The attack struck more than 5km from the southern suburbs that have been a focus of Israel’s intensifying offensive against the Lebanon-based militant movement. It was the second time that Israeli forces have hit central Beirut in less than two weeks.
Lebanon’s caretaker Prime Minister Najib Mikati described the strike on Thursday evening as “totally unacceptable” as he renewed his calls for a ceasefire. At least 117 people were wounded in the attack, health authorities said.
Beirut was on edge on Friday as Israeli drones buzzed overhead and warplanes broke the sound barrier. The city is crammed with people fleeing the intense fighting that continued in south Lebanon on Friday.
One of Thursday’s strikes hit a residential building not far from Lebanon’s national museum in an area filled with small shops and apartment blocks. A family of eight, including three children, were killed in the bombing, said a relative who declined to be named. Israel did not say who it was targeting.
“We’re all from southern Lebanon, and were displaced here in recent weeks due to Israeli aggression,” the relative told the Financial Times. “I don’t understand why they targeted us, these are just families.”
Lebanese are increasingly fearful that Israel is widening the scope of its targets by striking areas such as those hit on Thursday that are not known for having Hizbollah presence.

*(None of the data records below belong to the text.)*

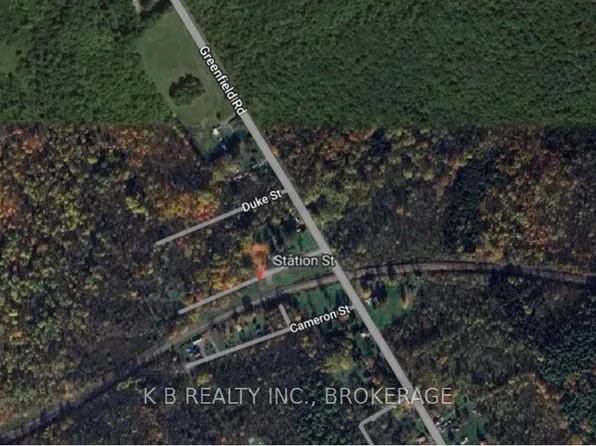 0 Station Rd, North Glengarry, ON K0C 1A0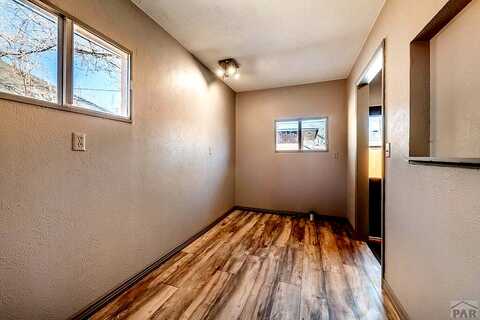 Van Buren, PUEBLO, CO 81004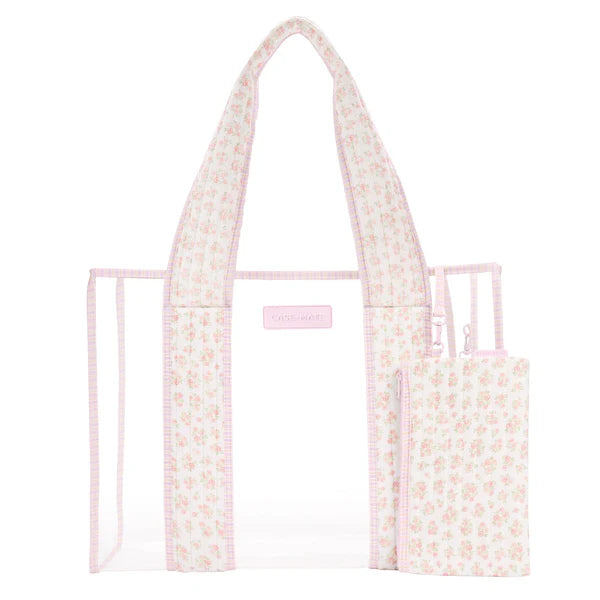 Jelly Tote Bag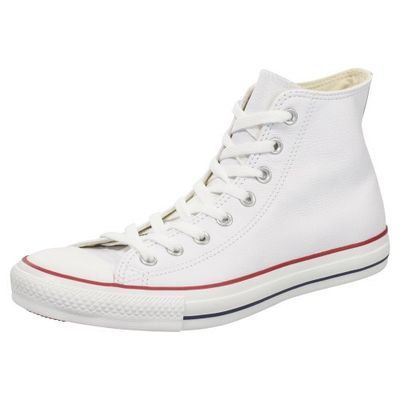 Converse Ct Core Lea Hi Sapatilhas unissexo, Branco Optical White, 39,5 UE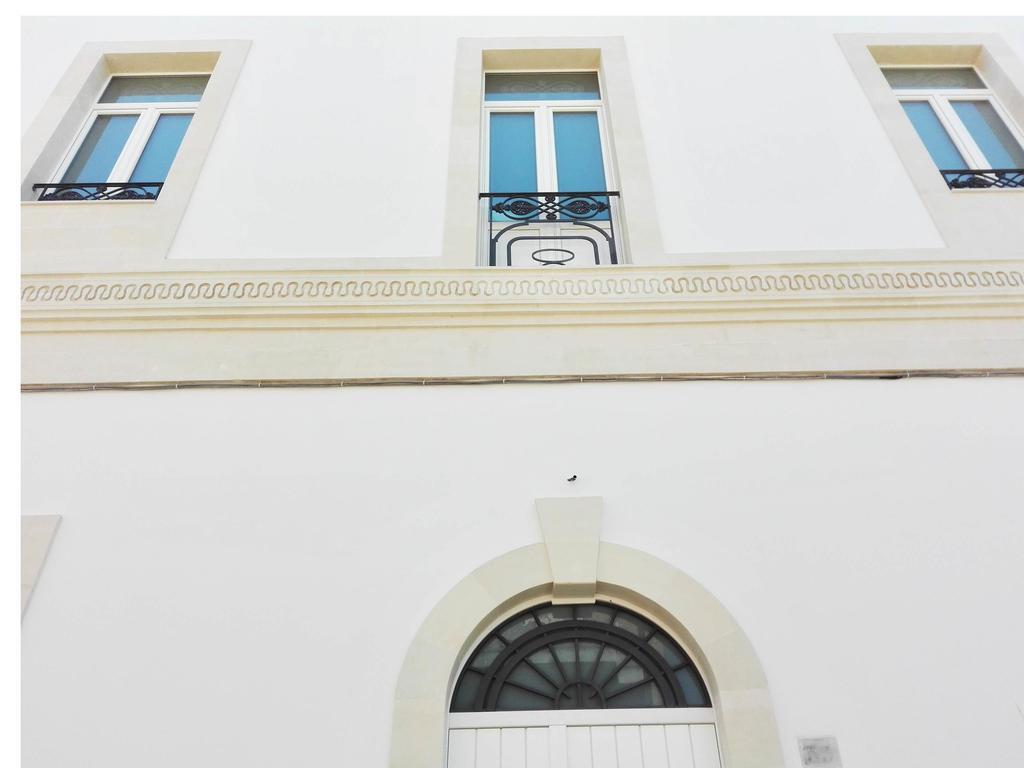 Corte Del Pascia Lecce Luaran gambar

In the dilapidated Burj Abi Haidar neighbourhood, where the other Israeli strike hit, rescue workers were still recovering bodies on Friday, combing through the rubble of what residents said were at least three collapsed buildings.
“A lot of the families around here are poor and have nothing to do with anything,” said Abu Ahmad, who lives in a building near the attack site. His grandfather’s apartment was in one of the collapsed buildings.
The Israel Defense Forces did not issue any warning to residents ahead of Thursday night’s bombing.
Israel says it is fighting the Iran-backed militant group to stop it firing rockets into northern Israel, which has displaced 60,000 Israelis.
Hizbollah says its attacks on Israel are in support of Hamas, the Iran-linked militant group that controls Gaza and whose October 7 rampage in Israel triggered the war.
After nearly a year of fire across the border, Israel assassinated Hizbollah’s leader Hassan Nasrallah last month. Its troops have since begun a ground offensive in southern Lebanon.
Speaking after a situation assessment with Israel’s Shin Bet internal security agency in southern Lebanon, the head of Israel’s military, Herzi Halevi, pledged that the fighting would continue “until we ensure that we can safely return the residents”.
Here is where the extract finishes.